Short text fragments from websites

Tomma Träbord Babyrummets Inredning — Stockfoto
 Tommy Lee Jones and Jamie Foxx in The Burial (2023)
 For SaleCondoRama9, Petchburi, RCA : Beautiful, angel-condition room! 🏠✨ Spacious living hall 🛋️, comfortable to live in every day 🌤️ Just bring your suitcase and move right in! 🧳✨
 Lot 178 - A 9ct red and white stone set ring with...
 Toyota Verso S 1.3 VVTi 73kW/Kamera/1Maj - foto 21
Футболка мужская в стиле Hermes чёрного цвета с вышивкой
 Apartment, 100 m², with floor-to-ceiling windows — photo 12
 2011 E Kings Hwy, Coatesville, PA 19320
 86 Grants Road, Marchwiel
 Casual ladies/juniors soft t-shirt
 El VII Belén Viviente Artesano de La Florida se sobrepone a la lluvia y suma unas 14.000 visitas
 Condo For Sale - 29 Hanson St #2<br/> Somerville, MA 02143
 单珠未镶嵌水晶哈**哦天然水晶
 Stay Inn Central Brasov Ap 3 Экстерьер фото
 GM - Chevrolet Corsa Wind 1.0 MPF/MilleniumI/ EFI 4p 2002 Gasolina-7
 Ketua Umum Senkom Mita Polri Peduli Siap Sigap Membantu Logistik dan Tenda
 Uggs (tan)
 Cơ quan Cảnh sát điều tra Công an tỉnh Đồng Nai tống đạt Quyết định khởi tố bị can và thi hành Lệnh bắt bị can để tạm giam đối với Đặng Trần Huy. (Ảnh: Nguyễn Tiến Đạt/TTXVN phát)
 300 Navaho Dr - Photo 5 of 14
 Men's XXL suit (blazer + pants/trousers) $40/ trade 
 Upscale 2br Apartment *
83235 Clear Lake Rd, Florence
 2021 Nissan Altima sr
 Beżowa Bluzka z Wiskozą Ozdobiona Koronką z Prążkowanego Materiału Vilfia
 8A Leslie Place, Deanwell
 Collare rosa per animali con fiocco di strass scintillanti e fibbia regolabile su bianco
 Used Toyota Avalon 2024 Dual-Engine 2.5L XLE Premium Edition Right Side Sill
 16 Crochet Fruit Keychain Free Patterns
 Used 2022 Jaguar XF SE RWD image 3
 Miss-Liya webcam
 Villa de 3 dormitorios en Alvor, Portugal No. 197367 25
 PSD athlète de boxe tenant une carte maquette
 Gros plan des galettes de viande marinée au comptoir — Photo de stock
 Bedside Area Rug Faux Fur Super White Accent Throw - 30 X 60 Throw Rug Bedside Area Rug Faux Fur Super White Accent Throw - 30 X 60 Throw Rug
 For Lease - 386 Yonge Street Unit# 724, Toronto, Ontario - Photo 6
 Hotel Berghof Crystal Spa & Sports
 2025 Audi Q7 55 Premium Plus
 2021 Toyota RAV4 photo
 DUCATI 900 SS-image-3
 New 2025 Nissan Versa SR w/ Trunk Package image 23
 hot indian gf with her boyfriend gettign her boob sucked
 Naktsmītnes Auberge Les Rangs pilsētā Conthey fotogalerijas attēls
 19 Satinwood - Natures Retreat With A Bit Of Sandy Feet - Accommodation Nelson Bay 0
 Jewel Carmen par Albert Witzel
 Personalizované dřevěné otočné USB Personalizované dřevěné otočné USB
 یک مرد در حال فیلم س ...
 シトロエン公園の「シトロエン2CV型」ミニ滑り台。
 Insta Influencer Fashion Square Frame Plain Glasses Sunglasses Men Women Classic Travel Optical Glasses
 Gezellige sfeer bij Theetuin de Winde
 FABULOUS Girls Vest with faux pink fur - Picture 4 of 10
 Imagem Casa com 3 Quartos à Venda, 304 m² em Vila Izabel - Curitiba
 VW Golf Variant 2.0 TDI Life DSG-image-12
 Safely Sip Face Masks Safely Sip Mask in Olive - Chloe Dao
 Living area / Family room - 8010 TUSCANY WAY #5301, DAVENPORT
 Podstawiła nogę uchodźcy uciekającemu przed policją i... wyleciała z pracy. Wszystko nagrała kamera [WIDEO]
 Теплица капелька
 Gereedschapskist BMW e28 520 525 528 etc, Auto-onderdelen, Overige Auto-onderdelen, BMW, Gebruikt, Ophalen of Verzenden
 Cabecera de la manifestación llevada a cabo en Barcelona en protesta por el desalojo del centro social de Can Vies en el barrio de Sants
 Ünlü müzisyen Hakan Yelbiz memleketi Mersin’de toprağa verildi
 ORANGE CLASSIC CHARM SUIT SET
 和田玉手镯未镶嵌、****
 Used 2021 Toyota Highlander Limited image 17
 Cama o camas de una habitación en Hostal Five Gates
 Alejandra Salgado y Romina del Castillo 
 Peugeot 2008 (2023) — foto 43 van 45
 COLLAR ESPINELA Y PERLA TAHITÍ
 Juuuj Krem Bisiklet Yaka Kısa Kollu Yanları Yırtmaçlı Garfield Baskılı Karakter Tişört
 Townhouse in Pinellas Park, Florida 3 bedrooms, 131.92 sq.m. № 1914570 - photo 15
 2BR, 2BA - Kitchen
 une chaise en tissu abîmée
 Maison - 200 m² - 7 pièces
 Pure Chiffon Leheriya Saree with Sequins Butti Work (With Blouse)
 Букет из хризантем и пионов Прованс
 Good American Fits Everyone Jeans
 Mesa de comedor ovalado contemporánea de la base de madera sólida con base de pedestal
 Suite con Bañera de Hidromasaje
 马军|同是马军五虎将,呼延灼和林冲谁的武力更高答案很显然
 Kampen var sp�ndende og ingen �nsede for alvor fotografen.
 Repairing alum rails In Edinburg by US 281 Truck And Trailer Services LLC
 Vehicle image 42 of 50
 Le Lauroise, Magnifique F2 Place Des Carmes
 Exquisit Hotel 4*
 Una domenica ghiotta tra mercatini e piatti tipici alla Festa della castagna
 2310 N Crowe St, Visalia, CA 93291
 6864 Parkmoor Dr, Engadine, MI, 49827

**Exercise details:**
Once you reach the line that contains "Le Lauroise, Magnifique F2 Place Des Carmes", print it and every line after it exactly as written, stopping at the last line of the records and adding nothing.

**Output of the task:**
 Le Lauroise, Magnifique F2 Place Des Carmes
 Exquisit Hotel 4*
 Una domenica ghiotta tra mercatini e piatti tipici alla Festa della castagna
 2310 N Crowe St, Visalia, CA 93291
 6864 Parkmoor Dr, Engadine, MI, 49827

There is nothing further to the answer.